In that sense, I guess it levels the playing field. But it's a mistake to say that dependence on magic items is a thing of the past. It's still built right in.
Everyone will miss his "+" to attacks and defenses. But it's easy to compensate. Basically, grant an extra +1 every 4 levels to everything.

But you are right. The dependence is still built in. The moment they decided that they could not remove +9 Swords of Ogre Decapitation (okay, maybe a better example is: +3 Flaming Longsword) from the game without it losing an important part of its feel, this was a given.

I personally could have gone without it. But the new system seems a lot more transparent then having enhancement bonus with weapons, shield, armor, ability scores and natural, deflection and resistance bonuses...
 

Mustrum_Ridcully said:
Everyone will miss his "+" to attacks and defenses. But it's easy to compensate. Basically, grant an extra +1 every 4 levels to everything.

But you are right. The dependence is still built in. The moment they decided that they could not remove +9 Swords of Ogre Decapitation (okay, maybe a better example is: +3 Flaming Longsword) from the game without it losing an important part of its feel, this was a given.

I personally could have gone without it. But the new system seems a lot more transparent then having enhancement bonus with weapons, shield, armor, ability scores and natural, deflection and resistance bonuses...
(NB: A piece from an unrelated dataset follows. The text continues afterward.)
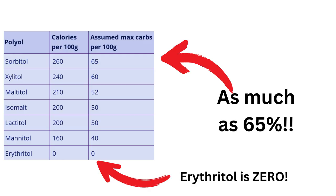Do your electrolytes contain polyols or any other sweetener? Not all polyols are created equal. Things like sorbitol, maltitol, and xylitol can still be absorbed by as much as 65%. Erythritol and stevia are the best options.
Yes, the to-hit isn't that different than before. You get to miss out on about +3 to +5 to hit (and a lot to damage) since there are no ability score increasers. That does get significant. It isn't nearly as bad as the massive amounts of AC magical items granted in 3.X, because that was crazy. Now that defenses go up as you level at the same rate as bonuses to-hit, things are much more sane.

Anyhow, in 4E you can easily get a bigger bonus to hit from allies and tactics than you get from your weapon, which is a big change too.
 

Mustrum_Ridcully said:
But you are right. The dependence is still built in. The moment they decided that they could not remove +9 Swords of Ogre Decapitation (okay, maybe a better example is: +3 Flaming Longsword) from the game without it losing an important part of its feel, this was a given.

But is it easier to compensate for a lack of magic items in 4E?
 

Quartz said:
But is it easier to compensate for a lack of magic items in 4E?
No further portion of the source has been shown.